Sanwar Hossain

Personal information
- Full name: Mohammad Sanwar Hossain
- Born: 5 August 1973 (age 53) Mymensingh, Bangladesh
- Batting: Right-handed
- Bowling: Right-arm offbreak

International information
- National side: Bangladesh;
- Test debut (cap 20): 18 December 2001 v New Zealand
- Last Test: 20 August 2003 v Pakistan
- ODI debut (cap 39): 10 January 1998 v India
- Last ODI: 9 September 2003 v Pakistan
- ODI shirt no.: 9

Career statistics
| Competition | Test | ODI |
| Matches | 9 | 27 |
| Runs scored | 345 | 290 |
| Batting average | 19.16 | 11.59 |
| 100s/50s | 0/0 | 0/1 |
| Top score | 49 | 52 |
| Balls bowled | 444 | 383 |
| Wickets | 5 | 10 |
| Bowling average | 62.00 | 32.70 |
| 5 wickets in innings | 0 | 0 |
| 10 wickets in match | 0 | 0 |
| Best bowling | 2/128 | 3/49 |
| Catches/stumpings | 1/– | 11/– |
- Source: ESPNcricinfo, 12 February 2006

= Sanwar Hossain =

Bangladeshi cricketer (born 1973)

Mohammad Sanwar Hossain (সানোয়ার হোসেন; born 5 August 1973) is a former Bangladeshi cricketer, who was part of the Bangladesh squad for the 2003 Cricket World Cup.

==History==
The middle-order batter made his international debut in 1998 against India in an ODI game at Dhaka.
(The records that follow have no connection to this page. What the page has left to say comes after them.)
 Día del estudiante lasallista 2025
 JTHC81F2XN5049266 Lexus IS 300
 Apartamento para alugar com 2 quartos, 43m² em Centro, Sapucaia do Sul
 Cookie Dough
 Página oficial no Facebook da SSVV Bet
He notched up his maiden ODI fifty in 2001 against Zimbabwe. Despite continuous low scores, he was selected for the 2003 ODI World Cup held in South Africa, where he scored just 63 runs in six innings. In a group stage match against Sri Lanka, Charminda Vaas took 4 wickets in an over, with Hossain being the fourth batsman to fall. Hossain scored one half-century in international cricket, against Zimbabwe in 2001.

In July 2003, Hossain was called for throwing in a Test match in Australia, the delivery in question being a delivery in which he "flicks the ball with a backhanded motion". Nevertheless, he was allowed to play in the subsequent One Day International series as it fell within the six weeks in which his bowling action was being reviewed.
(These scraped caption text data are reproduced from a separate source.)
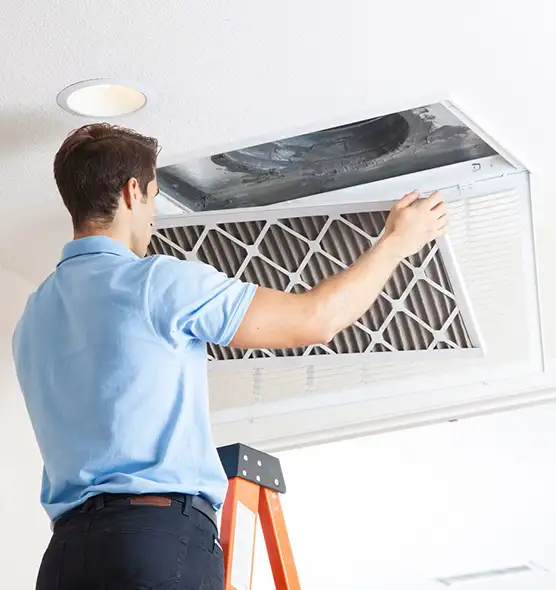 About Annual Dryer Vent Maintenance Columbia, MD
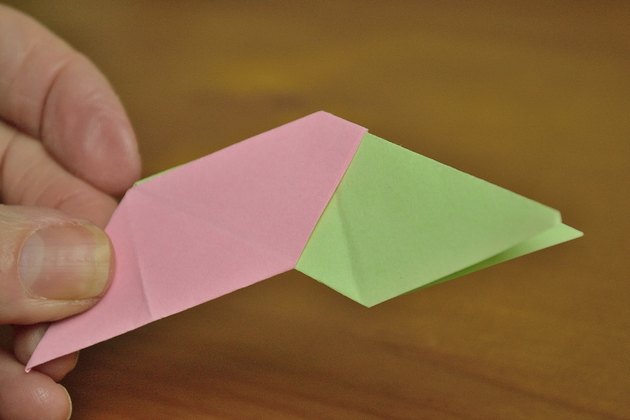 how-to-make-a-sticky-note-ninja-star-ehow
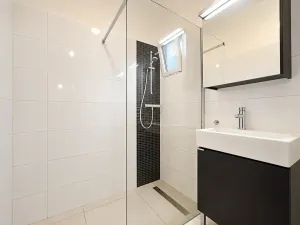 Pronájem bytu 2+kk, Praha - Nusle, Sevřená, 50 m2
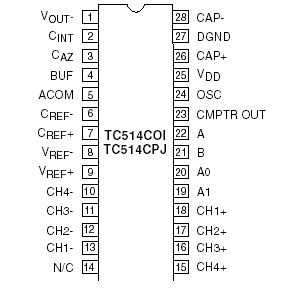   Connection Diagram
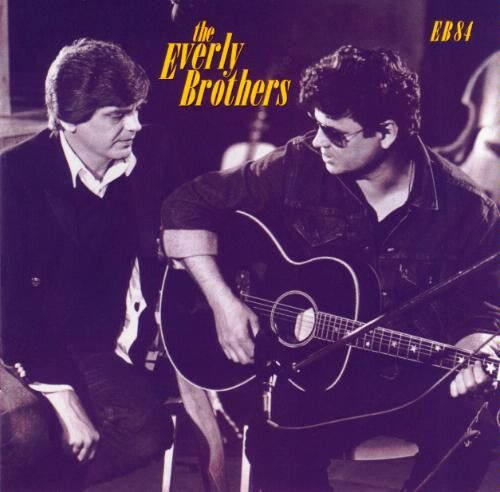 The Everly Brothers  EB 84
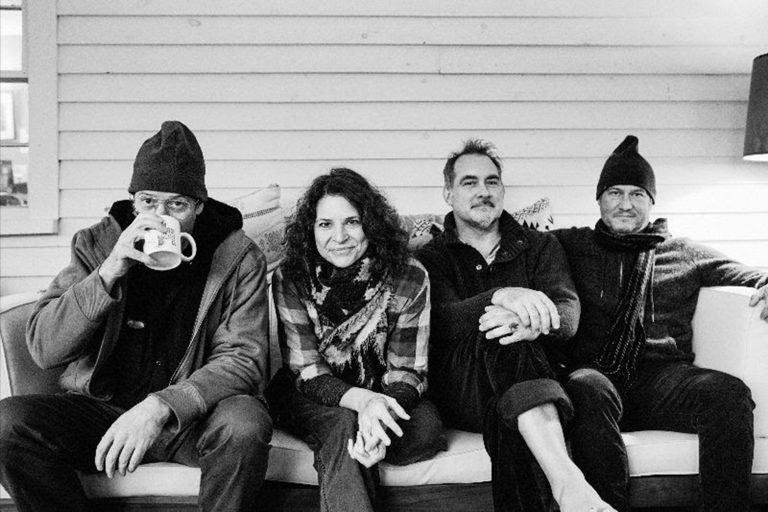 New England Songwriter Kris Delmhorst and Band To Play Northeast US Tour Dates Beginning May 1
In 2004, Hossain began working at Biman Bangladesh Airlines, but in November, he was recalled to the Bangladesh squad for their series against India after getting time off work from the airline to allow him to play.

Hossain retired from first-class cricket in 2005, but in 2015 made an appearance for Mushtaque XI against Jewel XI in a Victory Day Exhibition T20 match.

In 2012, Hossain was invited to present trophies at the Kuwait Cricket T20 Premier League Division-2 cricket tournament, and was also responsible for helping to create the 4H Group Cricket Tournament for academies, along with former Bangladeshi cricketers Habibul Bashar, Javed Omar, and Hasanuzzaman.

Hossain has been a coach of, and also managed, the Dhaka Gladiators in the Bangladesh Premier League; in 2013, Hossain was accused of match-fixing during the 2013 Bangladesh Premier League. Gladiators' bowling coach Mohammad Rafique admitted there was match-fixing, and blamed Hossain.